Quando e quante volte si può trasferire un mutuo aziendale

La portabilità del mutuo aziendale è stata per diversi anni al centro di diversi dubbi di natura legislativa. Oggi viene concessa.

Il mutuo aziendale e la legge che regola la sua portabilità

Si definisce mutuo aziendale il mutuo finalizzato che viene richiesto a una banca con il fine specifico di acquistare immobili, ristrutturare immobili, acquistare merci o servizi necessari alla prosperità dell’azienda che richiede il mutuo.

Al momento di richiedere il mutuo l’azienda dovrà presentare un prospetto molto specifico in cui vengono indicate le spese che si intende sostenere con il denaro ottenuto attraverso il mutuo.

Si tratta di operazioni a medio o lungo termine (la durata di un mutuo aziendale può andare dai soli 3 ai 30 anni).

La surroga o portabilità del mutuo aziendale

In generale i mutui o i finanziamenti bancari possono essere surrogati, ovvero trasferiti da una banca all’altra nel momento in cui il richiedente ritenga di trovare delle condizioni più favorevoli con il secondo istituto di credito.
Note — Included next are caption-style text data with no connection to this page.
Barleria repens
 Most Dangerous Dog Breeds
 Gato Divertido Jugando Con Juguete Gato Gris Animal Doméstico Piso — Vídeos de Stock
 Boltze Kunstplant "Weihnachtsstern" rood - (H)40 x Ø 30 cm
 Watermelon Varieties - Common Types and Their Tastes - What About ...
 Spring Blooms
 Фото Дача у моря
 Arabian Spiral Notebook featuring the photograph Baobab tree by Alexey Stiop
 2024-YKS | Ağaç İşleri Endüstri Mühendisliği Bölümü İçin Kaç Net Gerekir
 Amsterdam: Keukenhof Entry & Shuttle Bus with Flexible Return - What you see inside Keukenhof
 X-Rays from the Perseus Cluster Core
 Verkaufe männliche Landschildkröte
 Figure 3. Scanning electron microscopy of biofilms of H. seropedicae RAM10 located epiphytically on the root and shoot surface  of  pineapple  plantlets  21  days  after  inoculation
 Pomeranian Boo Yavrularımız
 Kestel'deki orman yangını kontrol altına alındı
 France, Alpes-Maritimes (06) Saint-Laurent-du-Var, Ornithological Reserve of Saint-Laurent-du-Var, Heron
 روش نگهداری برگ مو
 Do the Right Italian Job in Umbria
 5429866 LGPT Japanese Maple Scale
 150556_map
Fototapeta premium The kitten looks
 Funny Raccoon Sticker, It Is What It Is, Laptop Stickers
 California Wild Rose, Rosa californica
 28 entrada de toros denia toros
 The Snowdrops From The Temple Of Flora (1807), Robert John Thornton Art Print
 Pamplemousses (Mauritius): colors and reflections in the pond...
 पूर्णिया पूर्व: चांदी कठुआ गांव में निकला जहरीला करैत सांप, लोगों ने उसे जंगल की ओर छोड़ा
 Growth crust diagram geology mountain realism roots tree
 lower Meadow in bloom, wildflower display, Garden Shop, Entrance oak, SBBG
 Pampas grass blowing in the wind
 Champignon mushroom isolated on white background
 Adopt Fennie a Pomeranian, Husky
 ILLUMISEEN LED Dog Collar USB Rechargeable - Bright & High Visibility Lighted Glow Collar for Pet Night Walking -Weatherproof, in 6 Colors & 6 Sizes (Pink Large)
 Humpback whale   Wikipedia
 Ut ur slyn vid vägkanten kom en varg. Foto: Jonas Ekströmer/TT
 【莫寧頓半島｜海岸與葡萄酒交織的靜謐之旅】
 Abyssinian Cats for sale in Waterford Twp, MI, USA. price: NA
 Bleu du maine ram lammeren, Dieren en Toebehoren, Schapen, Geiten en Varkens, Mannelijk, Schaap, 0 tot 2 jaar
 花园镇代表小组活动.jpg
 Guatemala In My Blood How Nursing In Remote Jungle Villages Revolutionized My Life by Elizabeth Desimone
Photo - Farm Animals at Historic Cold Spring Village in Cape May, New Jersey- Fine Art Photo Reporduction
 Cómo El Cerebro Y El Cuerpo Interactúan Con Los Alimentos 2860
La legge che regola la surroga o portabilità dei mutui è l’articolo 1202 del Codice Civile modificato dalla cosiddetta Legge Bersani bis (riferimento in particolare all’articolo 8). La legge Bersani Bis rimaneggiò un testo già esistente, eliminando tutte le spese aggiuntive con le quali in passato le banche indirettamente riuscivano a dissuadere i clienti intenzionati a spostare il proprio mutuo. Attualmente i risparmiatori non sono tenuti a pagare le spese legali per il trasferimento del mutuo, non sono tenuti a pagare alcuna commissione alla vecchia banca.

Per quanto abbia certamente apportato delle migliorie, la legge Bersani bis non eliminò alcune zone d’ombra presenti già nel testo precedente: è possibile chiedere la portabilità del mutuo nel caso di un mutuo aziendale? Il testo non si presta a un’interpretazione univoca, tuttavia oggi si ritiene comunemente che sia possibile effettuare la portabilità di un qualsiasi mutuo, che sia aziendale o intestato a persona fisica.

Da tenere presente però che nel momento in cui si ottenga la portabilità di un mutuo aziendale si rinuncia a tutti i vantaggi fiscali assicurati dal comma 4 bis dello stesso articolo 1202.